Aucune sanction pénale n'est prévue dans le projet de loi libéral sur la maltraitance envers les personnes âgées, à l'étude en commission parlementaire. M. Brunet exhorte la ministre Francine Charbonneau à donner plus de dents à son plan.

«Dans sa loi sur la protection du bien-être et de la sécurité des animaux, le gouvernement libéral, en 2015, a adopté une loi très sévère.

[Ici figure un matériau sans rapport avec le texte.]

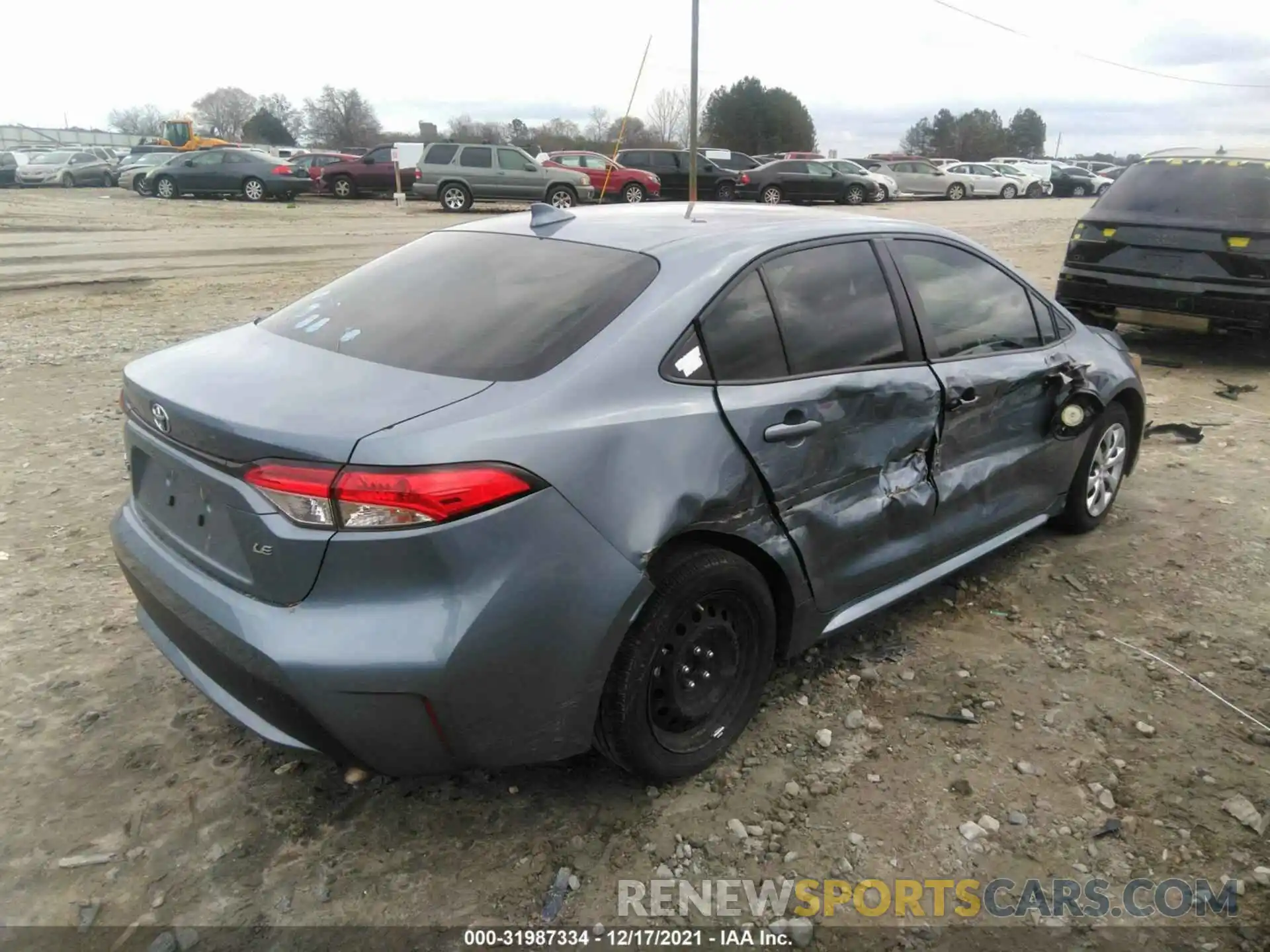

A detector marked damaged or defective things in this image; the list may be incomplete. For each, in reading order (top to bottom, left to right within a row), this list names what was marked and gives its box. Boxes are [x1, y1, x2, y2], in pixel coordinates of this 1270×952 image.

damaged toyota corolla [114, 202, 1148, 781]
dented rear door [706, 238, 945, 612]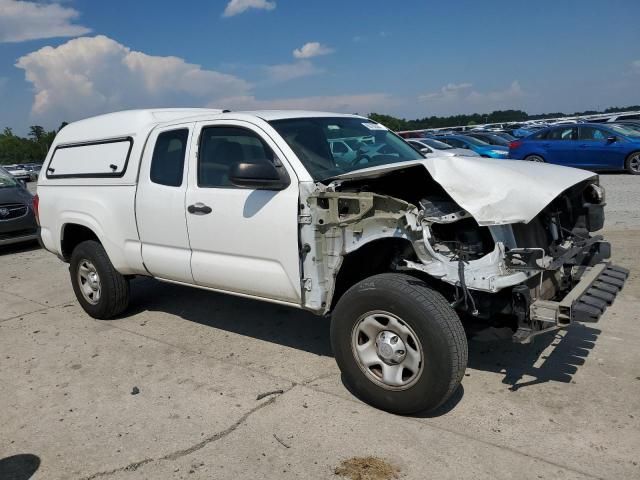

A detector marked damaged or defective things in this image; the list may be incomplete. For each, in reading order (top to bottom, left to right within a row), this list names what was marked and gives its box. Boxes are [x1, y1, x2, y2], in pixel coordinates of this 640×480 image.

cracked pavement [1, 176, 640, 480]
crumpled hood [330, 157, 596, 226]
severely damaged front end [302, 159, 632, 344]
wrecked bumper [516, 260, 632, 344]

Si vous êtes maltraitant envers des animaux, vous pouvez payer une amende jusqu'à 65 000 $. Jamais je ne croirai qu'on n'adoptera pas des sanctions pénales pour ceux qui maltraiteront nos personnes âgées!», s'est-il désolé mardi, de passage à l'Assemblée nationale.

911

La ministre Charbonneau rétorque qu'il existe déjà des mesures de protection des aînés. «On a la sécurité publique, on a le 911, on a le Protecteur du citoyen, on en a des mesures qui protègent nos gens, il faut arrêter de penser qu'il n'y a rien qui protège nos aînés», a-t-elle insisté, en marge des consultations sur le projet de loi 115.

Elle ajoute qu'il s'agit de personnes, pas d'enfants ou d'animaux.

Caquistes et péquistes réclament eux aussi une loi avec plus de mordant pour protéger nos aînés.

Le député caquiste François Paradis veut notamment inclure dans le texte de loi la dénonciation obligatoire des mauvais traitements aux personnes âgées.

À la lumière de ce qui se passe dans les CHSLD, le Québec «maltraite» ses aînés, estime pour sa part le député péquiste Harold Lebel. Il est d'avis lui aussi qu'il doit y avoir des sanctions pénales pour les gens trouvés coupables de mauvais traitements envers les personnes âgées.